I whipped up some Python to read the printer output of the assembly job, which is a text based file produced by the IBM 1130 simulator. I grabbed the hex data words and output them into a new text file in the load format. I would look for the ORG assembler directive (origin) and grab the address to form the @xxxx lines in the file. 

I didn't want to recreate the assembler so I was not tracking how the address changed from statement to statement. I simply began a section from the ORG address and then snagged each word that the assembler formed from the statement.

I did run into some issue with some directives, which would fool my script into injecting a false word into the load file. EQU is a directive that makes a symbol table entry with some value, but does not reserve space or generate any words to go into memory. I had to skip past these. 

As well, the END directive outputs the supposed starting address that DMS2 should branch to when executing the code, but it is just an address not a value to put in memory. I had to skip it or I put spurious hex words in the load file. 

The most troublesome directive was the BSS - block started by symbol - which reserves space in memory. It would therefore be bumping up the address into which the next real hex word should be placed. One form is BSS 3 which means reserve three words here. I would have needed to keep a running shadow copy of the address that the assembler was using so that I could add 3 to it. 

Another form was BSS E 0 which means reserve one word if the next address is not an even number, otherwise do nothing. It is used to ensure that some double words are properly placed where the machine requires the first word to be on an even address A and the second word to be at A+1. If the double word in question was placed at an odd address, then the machine would pick up A for both words and never see the second word. 

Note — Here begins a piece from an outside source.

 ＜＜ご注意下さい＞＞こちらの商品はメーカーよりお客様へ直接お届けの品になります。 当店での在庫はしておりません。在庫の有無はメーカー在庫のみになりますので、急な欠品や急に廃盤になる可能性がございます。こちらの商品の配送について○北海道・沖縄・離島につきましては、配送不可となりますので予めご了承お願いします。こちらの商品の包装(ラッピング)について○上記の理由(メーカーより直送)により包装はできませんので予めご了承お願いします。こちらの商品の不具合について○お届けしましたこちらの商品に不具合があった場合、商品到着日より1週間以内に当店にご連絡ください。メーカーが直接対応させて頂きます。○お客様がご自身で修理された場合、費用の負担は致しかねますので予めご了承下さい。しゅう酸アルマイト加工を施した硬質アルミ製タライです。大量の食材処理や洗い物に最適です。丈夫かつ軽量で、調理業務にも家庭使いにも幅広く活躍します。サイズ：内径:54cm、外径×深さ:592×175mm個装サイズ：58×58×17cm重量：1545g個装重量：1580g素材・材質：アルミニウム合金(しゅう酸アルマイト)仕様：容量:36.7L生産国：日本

In order to shadow the current address where the assembler believes the next statement will be placed, you need to know the sizes of every statement that came before from the last ORG. Too much work involved in that. 

I resolved to code with DC - define constant - so that BSS 3 would become three DC 0000 in a row. That gave me a load file output that put all the words in the right place, where the assembler intended them. Once I knew the limitations, however, I was able to quickly change, reassemble and process the listing to have a new load file I could load into the simulators memory.